Stuart M. Stein Memorial Preserve
Why You Should Visit
Tannersville Cranberry Bog was one of The Nature Conservancy's first preserves. The relict boreal bog was once a huge glacial lake. Since the ice receded 10,000-15,000 years ago, approximately 40 feet of peat has accumulated on the floor of what was once a 715-acre lake. Today, the bog stands out in contrast to the surrounding forests.

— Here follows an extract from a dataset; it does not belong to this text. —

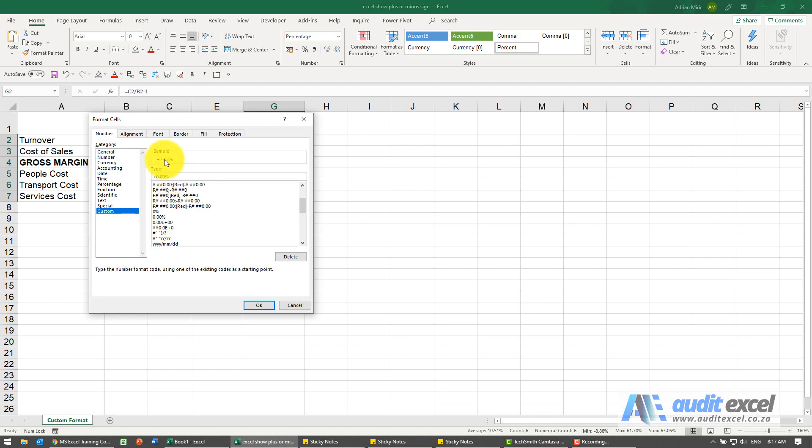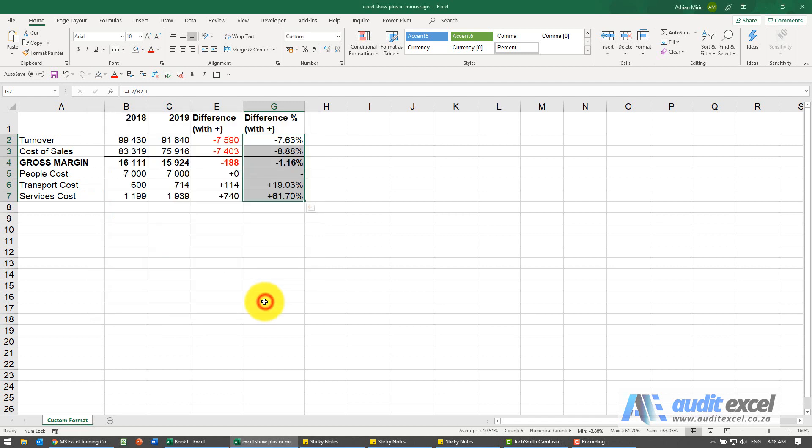Now if you leave it like that, it's gonna be a problem. So at the end here I'm gonna come put a semicolon, and this tells it that when it's a negative it must appear like this, 0.00 percent. Just to add another thing, I'm gonna put a semicolon and I'm gonna tell it that a zero must just be a dash. When I say okay...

How to Prepare for Your Visit
The North Wood Trail and the Fern ridge Trail in the upland woods are open to the public for self-guided walks. Because of its fragile nature, the bog can only be visited during regularly scheduled walks conducted by the Monroe County Environmental Education Center. Private walks are also available to groups upon request. A donation of $3, or $2 for Nature Conservancy members, for management costs, is requested. For more information, please call the Monroe County Environmental Education Center at
What to See: Plants
The cranberry bog is a world of sphagnum peat moss hosting beautiful plants like calla lillies, orchids, gold thread and the carnivorous sundew and pitcher plants, with smatterings of shrubs like Labrador tea, leatherleaf, sheep laurel, bog rosemary and swamp azalea.
What to See: Animals
The bog also provides habitat for many mammals, including bears, otters, bobcats, beavers, porcupines, minks and snowshoe hares.
Why the Conservancy Selected This Site
"The Cranberry" (as it is affectionately known by local residents) has been designated as a National Natural Landmark, because of its distinction as the southernmost low-altitude boreal bog along the eastern seaboard.